Our graduate program is research led. We teach what we work on, and we encourage and help students to be free-ranging, intellectually voracious, and deeply analytical scholars in seminars and in their own research and discussions. The Politics curriculum centers on topics that cut across conventional categories of political life and the discipline of political science. Our faculty’s areas of particular strength include 1) oligarchy, autocracy, and fascism in relation to democratic theory and practice; 2) political economy and inequality in historical, theoretical, and ethnographic frameworks; 3) the history of international legal and political thought; 4) mobility, migration, and borders; and 5) interdisciplinary political methodologies.
The MA program, which offers both one- and two- year options, is an immersive experience in political inquiry that leads students to top doctoral programs and to careers in policy, government, activism, and NGOs. The selective Politics PhD program is home to award-winning students whose scholarship, public writing, and activism often go hand in hand. The department also has a joint Politics–Historical Studies PhD, which provides integrated training in social science and history.
All students are encouraged to work with and take seminars led by faculty in other departments and programs, including formally affiliated faculty. We see critically engaged methodologies, including political theoretic, qualitative, historical, and interpretive approaches, as an important foundation for persuasive, creative, and informed research in politics. At the same time, we remain focused on the substance and study of political life, rather than pursuing methodology for its own sake.

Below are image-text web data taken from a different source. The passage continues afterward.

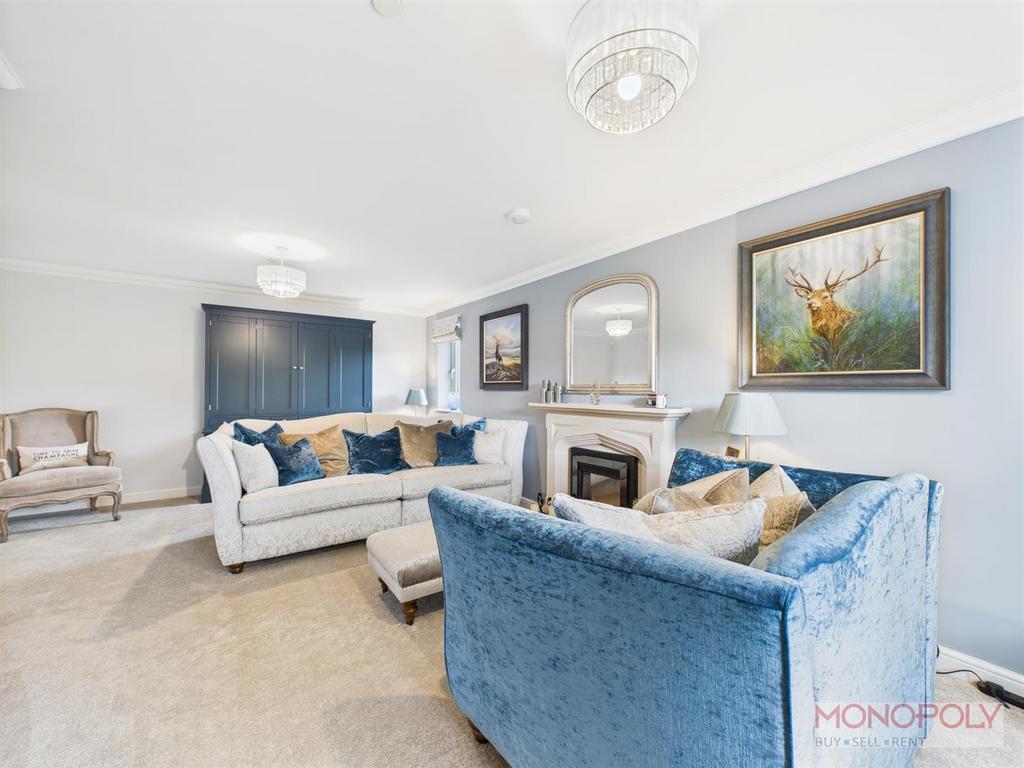 CAM01943 G0-PR0496-STILL020.jpg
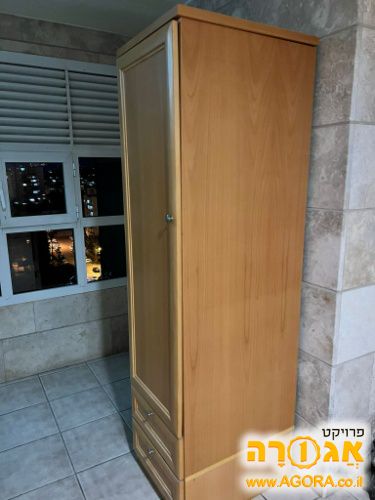 ארון בגדים דלת אחת עם 2 מגירות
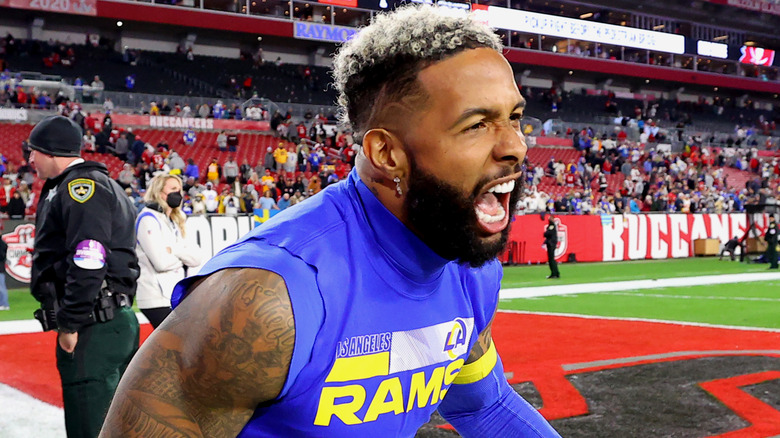 Odell Beckham Jr. criant sur le terrain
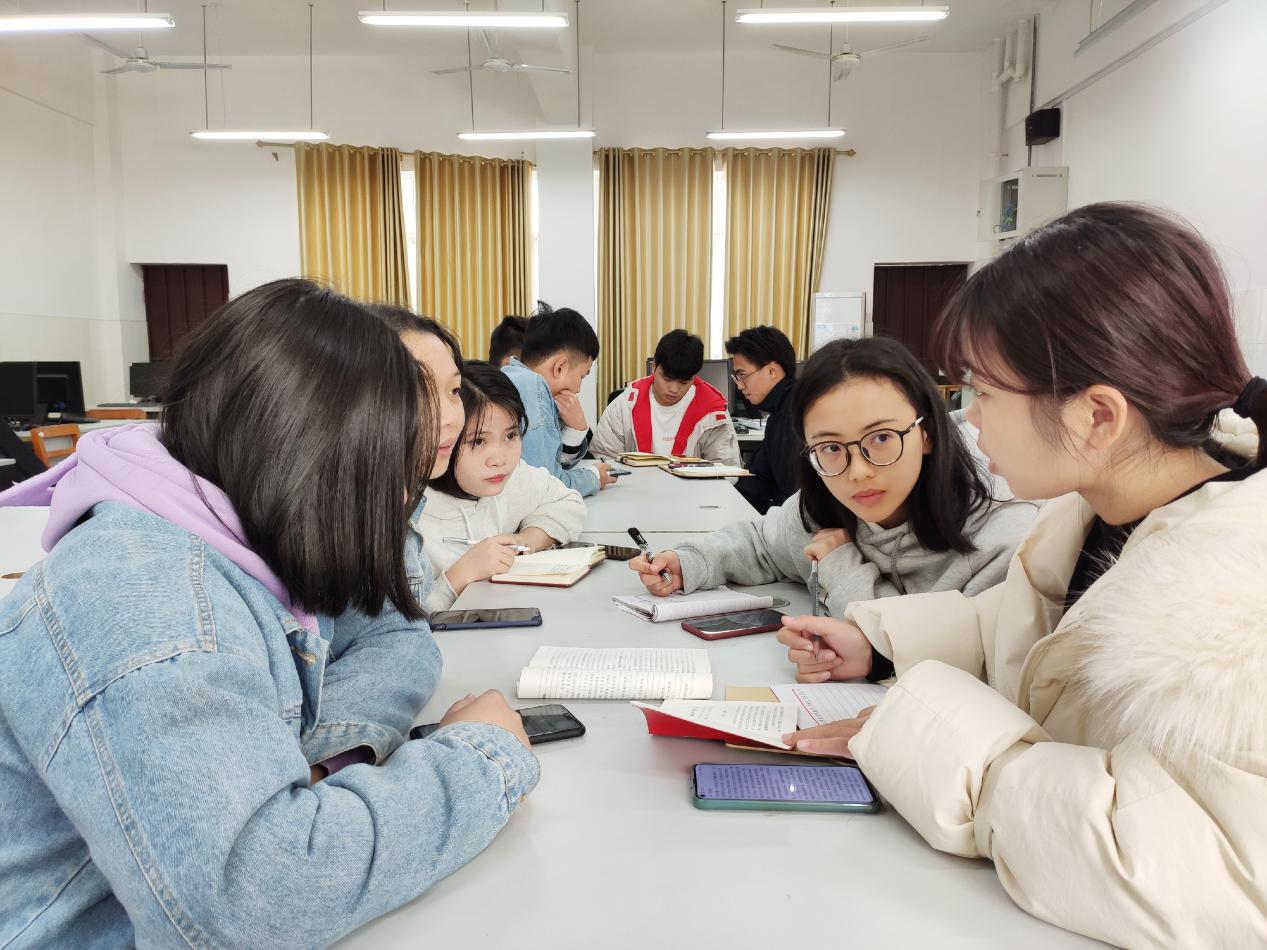 现场分小组讨论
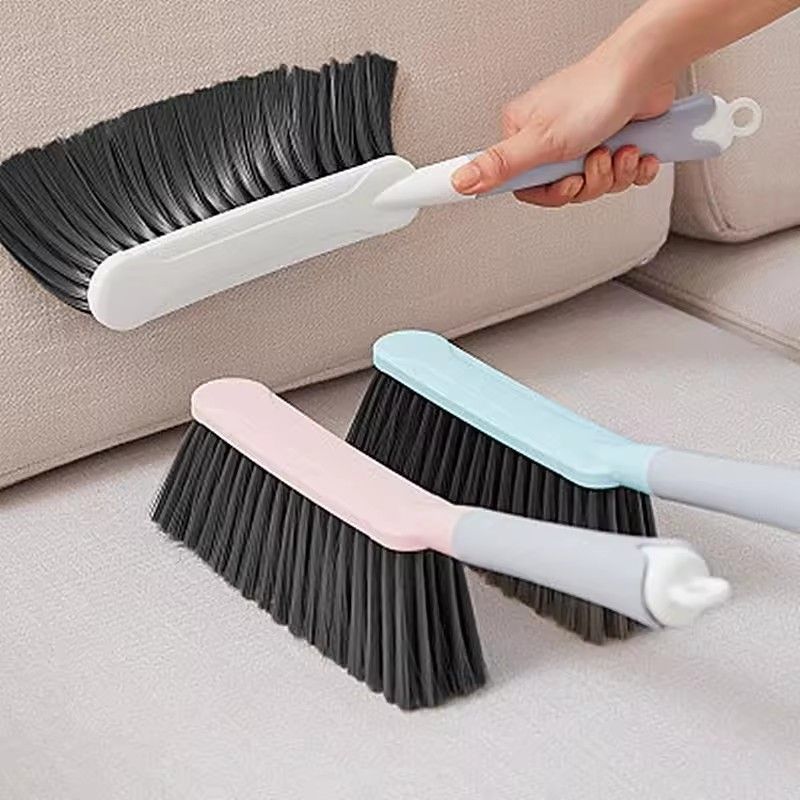 1PC  Bed Sweeping Brush Household Bedroom Cleaning Artifact Long Handle Sofa Carpet Dusting Soft Bristle Brush Cute Bed Broom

Workshops and events bringing together the intellectual community of the department are an important and regular part of our academic life. They include the Politics Speaker Series, the Theory Collective, and the Global Politics Workshop. Department faculty also help lead key interdisciplinary institutes at The New School, including the India China Institute, the Zolberg Institute on Migration and Mobility, and the Graduate Institute for Design, Ethnography, and Social Thought. These centers provide important venues for students to engage with intellectual discourse around the university. The Union of Political Science Students helps organize graduate intellectual exchange and graduate student social life.